Ao reparar no que os refugiados trazem, sou levado a questionar-me: o que é essencial e o que é supérfluo nesta vida? Vemos muitas mães com filho(s) pela mão e uma simples mala, não a de cartão, como a cantada pela Linda de Suza referindo-se aos emigrantes portugueses de outros tempos. Os nossos partiam habitualmente sozinhos, por cá tinham pouco, fugiam da miséria (ou da hipótese de ir para a guerra) e iam em busca de um futuro melhor. Estes novos emigrantes que (também) fogem da guerra, tinham, maioritariamente, boas condições de vida e caminham rumo ao desconhecido com filho(s) pela mão, tentando sobreviver. A única semelhança (também diferente) é que habitualmente eram os nossos homens que e agora é o oposto, são elas que partem e eles – muitos, obrigados – ficam.
Esta guerra leva-nos a perceber o essencial: uma família, um lar e bens de 1ª necessidade para que não passemos fome e possamos estar protegidos (também) do frio.
Esta ESTUPIDEZ de conflito que só pode sair de mentes (e como elas mentem) perversas traz, felizmente, o reverso da medalha: a solidariedade; o ajudar sem olhar a quem; o tirar a camisa para outro poder vestir; a partilha de espaço familiar com gentes de outras culturas que tiveram um azar na vida – terem nascido num país que faz fronteira com dois lados de uma barricada que se guerreava de forma surda e agora usam o espaço que se queria neutral para despejar lá toda a destruição possível e inimaginável – em pleno século XXI – tentando medir quem tem mais e maior poder bélico.
O desporto em geral e o futebol em particular que sempre serviram para unir povos, através da sua visibilidade mediática, têm feito a sua parte, pedindo o fim do conflito e dando apoio concreto. Tem sido usado também para penalizar o país agressor que, ironicamente, sempre o usou como forma de propaganda e de expansão dos seus tentáculos. Por cá, entre muitas outras iniciativas, o Estádio de Leiria transformou camarotes em quartos e vai receber cerca de duas dezenas de famílias.
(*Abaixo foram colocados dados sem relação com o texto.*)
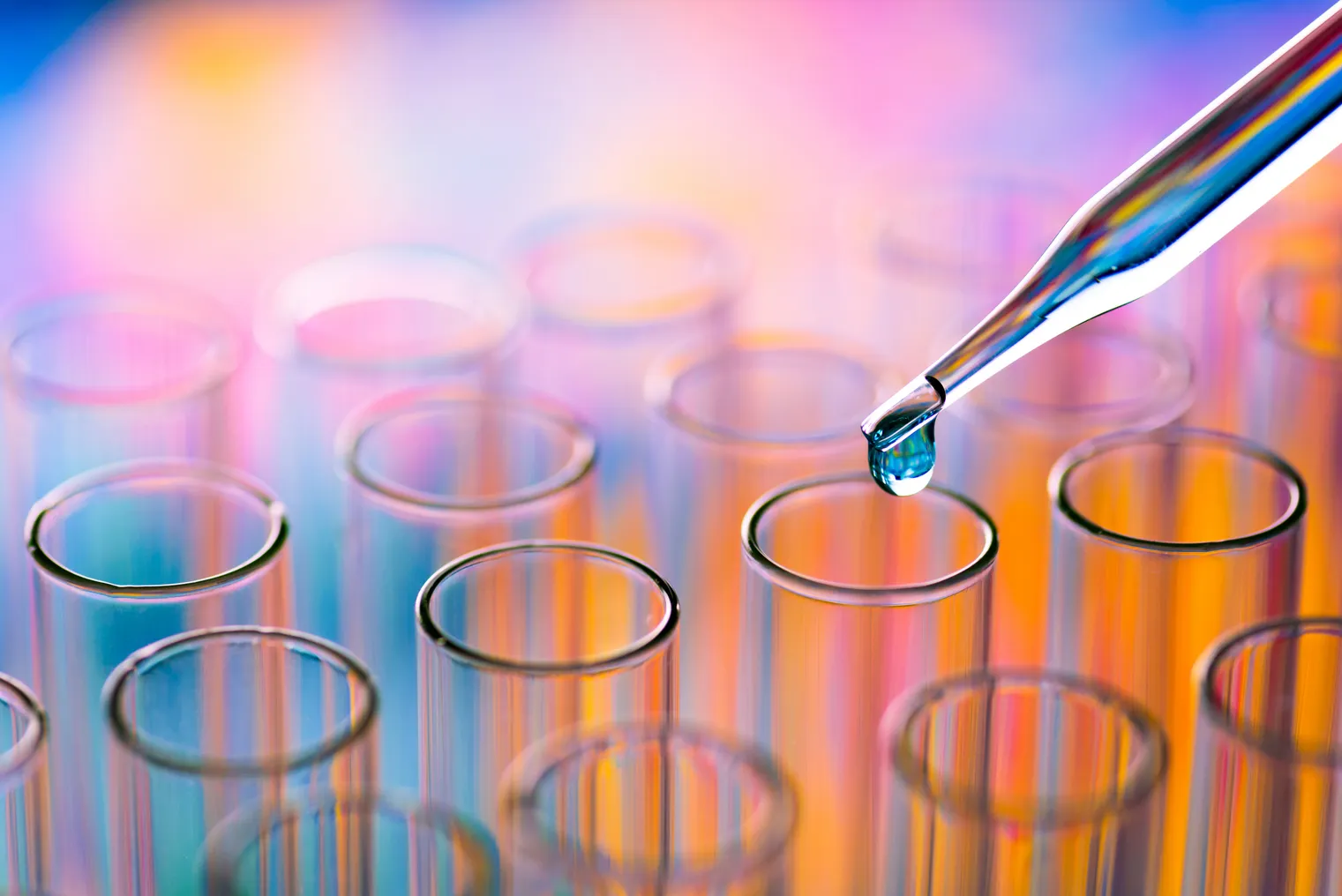 Close-Up Of Pipette Dripping Chemical In Test Tube At Laboratory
A FPF criou um progama “cada clube, uma Família” onde como o próprio nome indica, cada clube assumirá o apoio a uma família em concreto. Os estabelecimentos de ensino, professores, alunos e assistentes operacionais também irão cumprir a sua função apoiando as centenas de estudantes ucranianos que escolheram Portugal como porto de abrigo.
Saibamos todos perceber, através desta guerra sem sentido, o que é essencial – que as famílias ucranianas se sintam protegidas e queridas (no duplo sentido do termo) até que possam voltar a reunir-se (e) na reconstrução do país.